▽

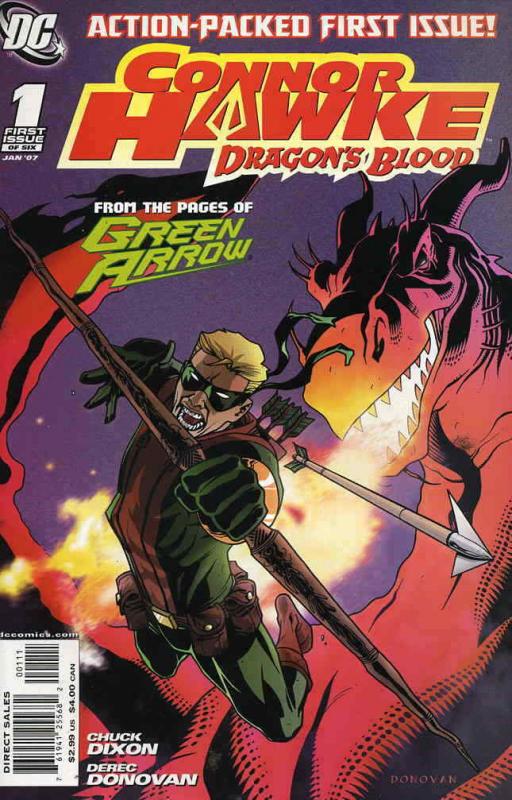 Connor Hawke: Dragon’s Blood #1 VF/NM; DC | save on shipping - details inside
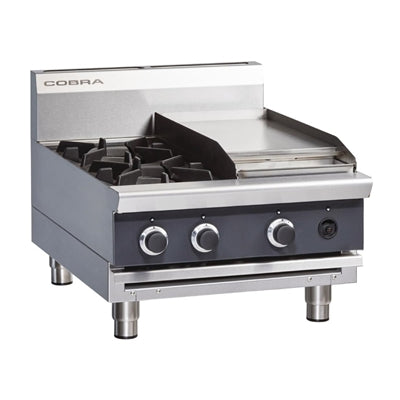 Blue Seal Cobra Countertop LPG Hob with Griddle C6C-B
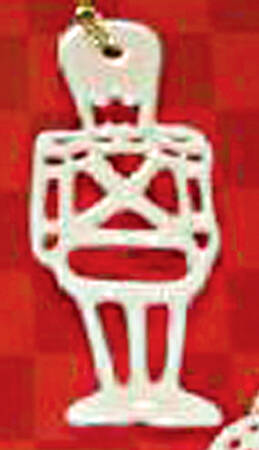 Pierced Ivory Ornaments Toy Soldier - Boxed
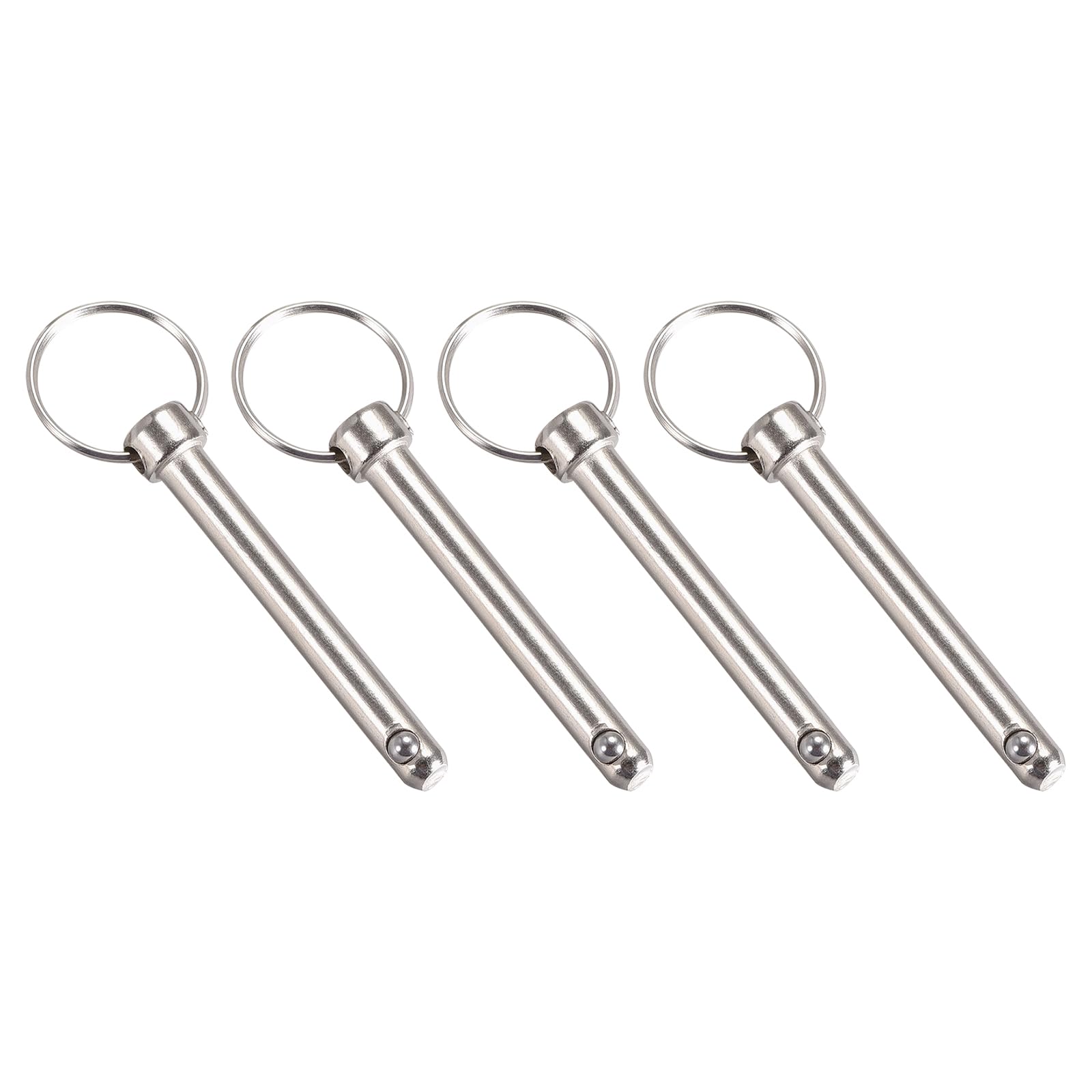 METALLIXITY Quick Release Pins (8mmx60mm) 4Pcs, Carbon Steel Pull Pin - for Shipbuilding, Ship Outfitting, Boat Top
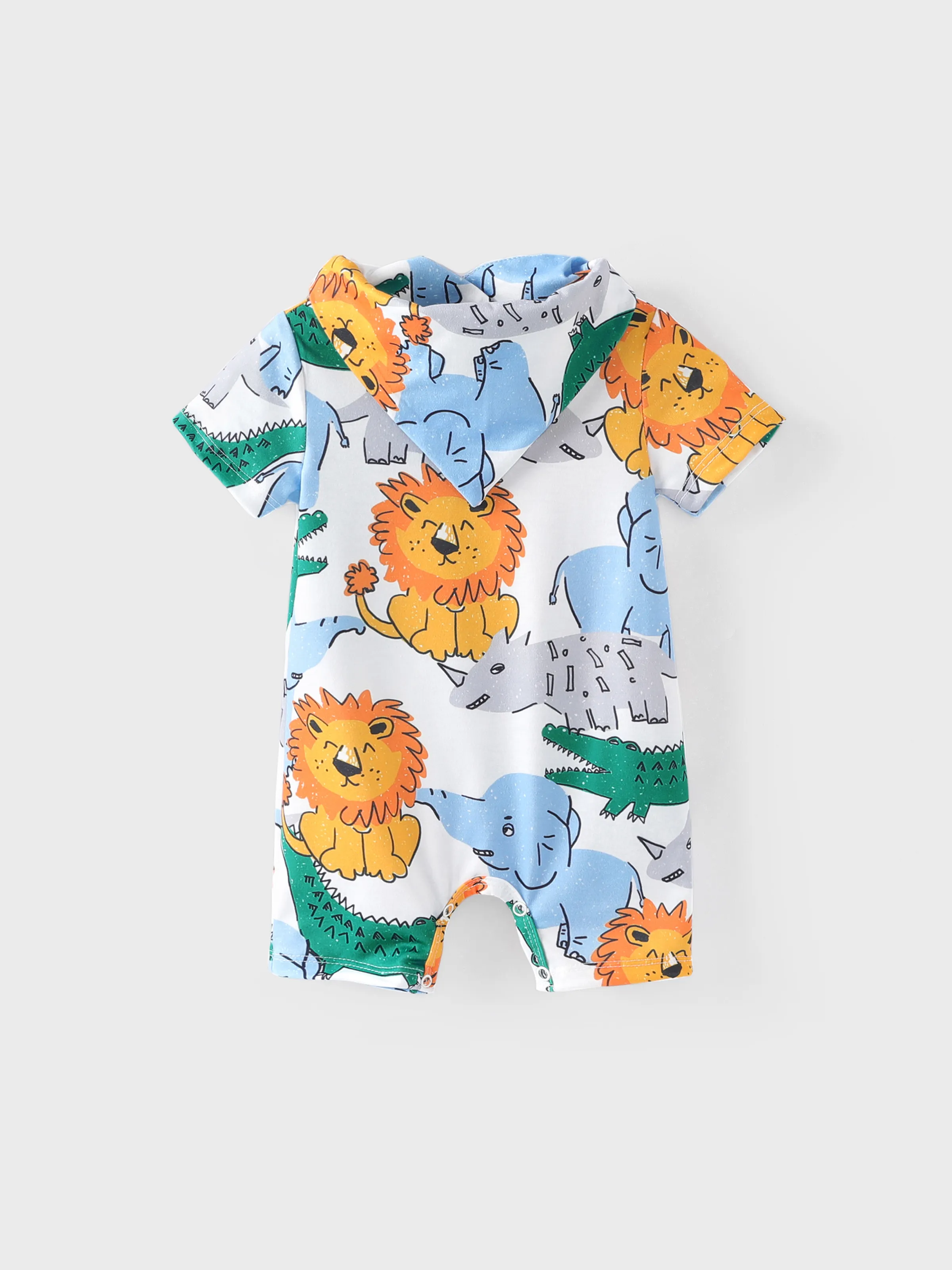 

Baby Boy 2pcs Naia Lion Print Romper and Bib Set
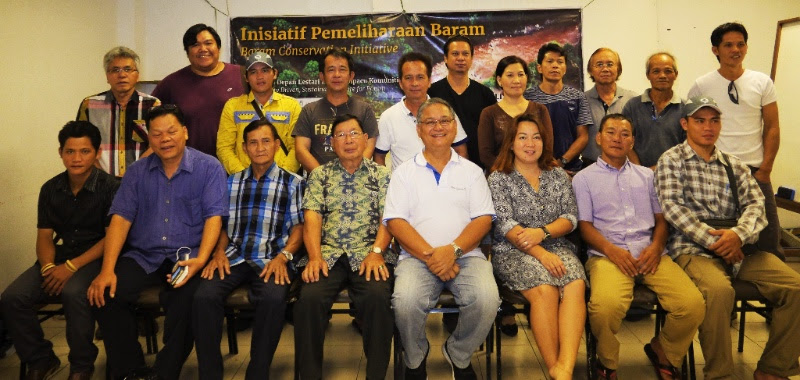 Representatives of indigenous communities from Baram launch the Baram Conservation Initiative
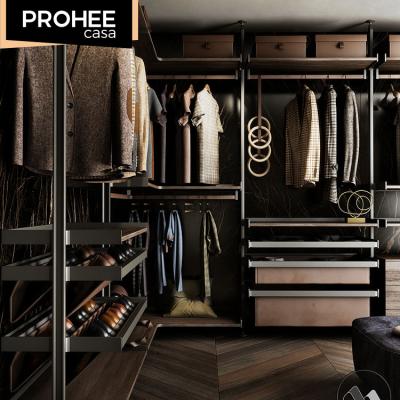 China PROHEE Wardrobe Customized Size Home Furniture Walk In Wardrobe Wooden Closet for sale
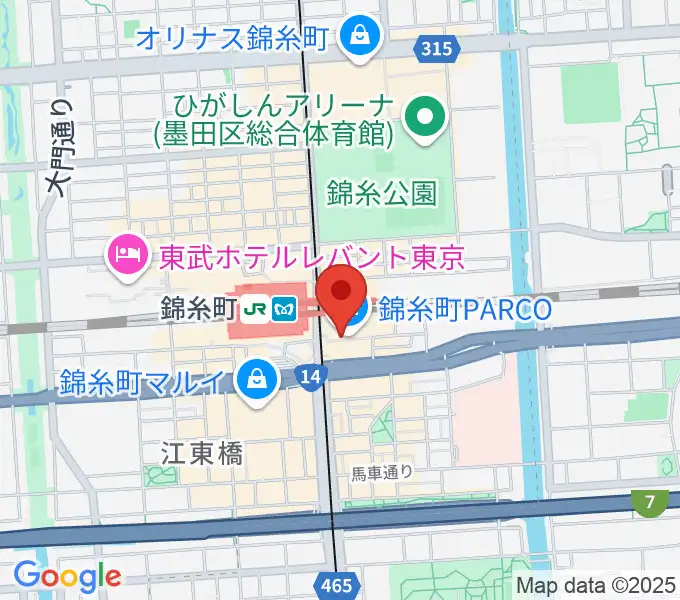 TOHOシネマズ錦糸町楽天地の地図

△

Your task is to repeat the records exactly. Images do not belong in the copy.

 Connor Hawke: Dragon’s Blood #1 VF/NM; DC | save on shipping - details inside
 Blue Seal Cobra Countertop LPG Hob with Griddle C6C-B
 Pierced Ivory Ornaments Toy Soldier - Boxed
 METALLIXITY Quick Release Pins (8mmx60mm) 4Pcs, Carbon Steel Pull Pin - for Shipbuilding, Ship Outfitting, Boat Top

Baby Boy 2pcs Naia Lion Print Romper and Bib Set
 Representatives of indigenous communities from Baram launch the Baram Conservation Initiative
 China PROHEE Wardrobe Customized Size Home Furniture Walk In Wardrobe Wooden Closet for sale
 TOHOシネマズ錦糸町楽天地の地図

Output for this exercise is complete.